Provide the number of lines below containing the word "your", without any other words.

:: Entries supplied

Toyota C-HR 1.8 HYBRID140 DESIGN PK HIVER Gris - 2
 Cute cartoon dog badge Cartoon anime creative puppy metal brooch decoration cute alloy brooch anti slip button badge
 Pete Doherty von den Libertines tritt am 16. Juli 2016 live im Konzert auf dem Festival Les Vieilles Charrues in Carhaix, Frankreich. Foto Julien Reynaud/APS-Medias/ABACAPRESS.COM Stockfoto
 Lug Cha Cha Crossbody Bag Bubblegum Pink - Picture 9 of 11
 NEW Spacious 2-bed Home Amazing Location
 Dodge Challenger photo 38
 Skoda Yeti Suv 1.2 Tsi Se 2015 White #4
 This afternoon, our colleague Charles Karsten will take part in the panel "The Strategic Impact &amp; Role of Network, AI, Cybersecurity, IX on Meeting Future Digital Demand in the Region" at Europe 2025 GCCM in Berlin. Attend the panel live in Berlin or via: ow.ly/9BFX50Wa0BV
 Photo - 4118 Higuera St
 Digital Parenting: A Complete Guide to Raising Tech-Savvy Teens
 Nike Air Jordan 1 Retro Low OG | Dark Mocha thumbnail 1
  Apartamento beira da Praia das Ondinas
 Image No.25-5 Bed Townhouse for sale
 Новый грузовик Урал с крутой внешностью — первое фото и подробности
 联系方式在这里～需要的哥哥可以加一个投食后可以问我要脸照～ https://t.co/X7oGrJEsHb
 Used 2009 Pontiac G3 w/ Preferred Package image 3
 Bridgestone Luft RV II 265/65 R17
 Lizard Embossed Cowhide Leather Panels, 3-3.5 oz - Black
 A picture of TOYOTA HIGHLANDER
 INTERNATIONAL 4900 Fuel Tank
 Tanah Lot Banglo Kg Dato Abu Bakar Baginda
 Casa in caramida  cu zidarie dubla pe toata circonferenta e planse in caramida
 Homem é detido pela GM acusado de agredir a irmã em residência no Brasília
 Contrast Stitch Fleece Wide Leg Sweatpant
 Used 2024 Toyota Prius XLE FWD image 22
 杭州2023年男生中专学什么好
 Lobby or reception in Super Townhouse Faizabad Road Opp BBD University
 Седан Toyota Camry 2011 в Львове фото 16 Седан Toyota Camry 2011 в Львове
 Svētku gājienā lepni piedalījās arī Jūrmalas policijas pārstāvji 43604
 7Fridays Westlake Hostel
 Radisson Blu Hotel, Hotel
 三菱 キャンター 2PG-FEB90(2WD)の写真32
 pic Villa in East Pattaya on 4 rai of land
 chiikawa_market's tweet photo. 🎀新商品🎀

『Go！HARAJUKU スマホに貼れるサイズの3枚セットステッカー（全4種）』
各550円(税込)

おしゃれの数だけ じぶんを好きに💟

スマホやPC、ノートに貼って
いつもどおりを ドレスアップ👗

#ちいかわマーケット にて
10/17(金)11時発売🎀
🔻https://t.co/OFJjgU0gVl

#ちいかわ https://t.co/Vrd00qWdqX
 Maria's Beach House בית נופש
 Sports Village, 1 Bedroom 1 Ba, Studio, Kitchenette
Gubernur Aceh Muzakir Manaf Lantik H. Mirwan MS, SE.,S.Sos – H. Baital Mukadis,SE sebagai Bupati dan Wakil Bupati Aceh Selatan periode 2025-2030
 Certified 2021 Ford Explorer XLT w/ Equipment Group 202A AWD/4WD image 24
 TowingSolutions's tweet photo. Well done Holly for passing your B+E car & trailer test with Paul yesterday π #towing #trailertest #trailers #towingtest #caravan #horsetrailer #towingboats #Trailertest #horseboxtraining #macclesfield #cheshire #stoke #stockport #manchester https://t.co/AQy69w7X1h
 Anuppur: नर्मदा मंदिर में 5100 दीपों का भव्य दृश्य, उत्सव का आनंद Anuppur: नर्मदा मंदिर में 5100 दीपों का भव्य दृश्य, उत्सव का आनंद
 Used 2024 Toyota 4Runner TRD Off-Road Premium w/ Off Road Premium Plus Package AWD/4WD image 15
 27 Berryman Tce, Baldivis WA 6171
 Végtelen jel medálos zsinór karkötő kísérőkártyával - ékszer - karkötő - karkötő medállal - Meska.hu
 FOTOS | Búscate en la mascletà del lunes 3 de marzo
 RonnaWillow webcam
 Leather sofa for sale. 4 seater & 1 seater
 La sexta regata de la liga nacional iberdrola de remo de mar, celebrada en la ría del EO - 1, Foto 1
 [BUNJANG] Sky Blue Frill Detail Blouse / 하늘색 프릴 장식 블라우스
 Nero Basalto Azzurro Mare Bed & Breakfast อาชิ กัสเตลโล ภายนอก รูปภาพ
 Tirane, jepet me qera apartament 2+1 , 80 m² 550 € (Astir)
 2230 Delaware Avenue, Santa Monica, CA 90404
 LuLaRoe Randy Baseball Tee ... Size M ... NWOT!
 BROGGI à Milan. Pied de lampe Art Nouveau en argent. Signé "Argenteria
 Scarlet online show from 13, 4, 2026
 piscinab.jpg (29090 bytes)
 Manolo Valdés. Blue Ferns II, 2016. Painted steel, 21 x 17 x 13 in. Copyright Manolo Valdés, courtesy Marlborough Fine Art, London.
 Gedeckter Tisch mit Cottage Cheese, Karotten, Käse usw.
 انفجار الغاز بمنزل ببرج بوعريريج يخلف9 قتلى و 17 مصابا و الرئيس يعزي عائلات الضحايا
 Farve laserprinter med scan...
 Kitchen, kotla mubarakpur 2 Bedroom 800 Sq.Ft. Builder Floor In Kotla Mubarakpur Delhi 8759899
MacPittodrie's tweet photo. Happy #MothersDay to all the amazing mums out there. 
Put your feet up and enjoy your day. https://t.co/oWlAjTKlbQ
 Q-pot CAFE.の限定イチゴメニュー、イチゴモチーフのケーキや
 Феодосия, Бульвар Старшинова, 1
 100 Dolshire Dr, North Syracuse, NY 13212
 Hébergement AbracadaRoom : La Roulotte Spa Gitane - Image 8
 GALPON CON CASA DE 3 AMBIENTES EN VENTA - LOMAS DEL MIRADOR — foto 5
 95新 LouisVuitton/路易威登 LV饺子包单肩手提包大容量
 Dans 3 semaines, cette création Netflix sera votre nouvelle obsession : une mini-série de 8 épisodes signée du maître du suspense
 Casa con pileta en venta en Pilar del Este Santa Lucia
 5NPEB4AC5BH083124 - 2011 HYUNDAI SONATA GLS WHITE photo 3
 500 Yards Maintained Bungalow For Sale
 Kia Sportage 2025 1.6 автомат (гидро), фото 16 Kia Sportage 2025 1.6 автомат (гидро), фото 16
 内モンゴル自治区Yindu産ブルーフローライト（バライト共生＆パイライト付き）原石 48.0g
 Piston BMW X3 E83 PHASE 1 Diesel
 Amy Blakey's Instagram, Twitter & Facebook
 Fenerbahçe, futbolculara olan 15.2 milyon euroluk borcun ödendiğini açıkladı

::::

_Task response_
2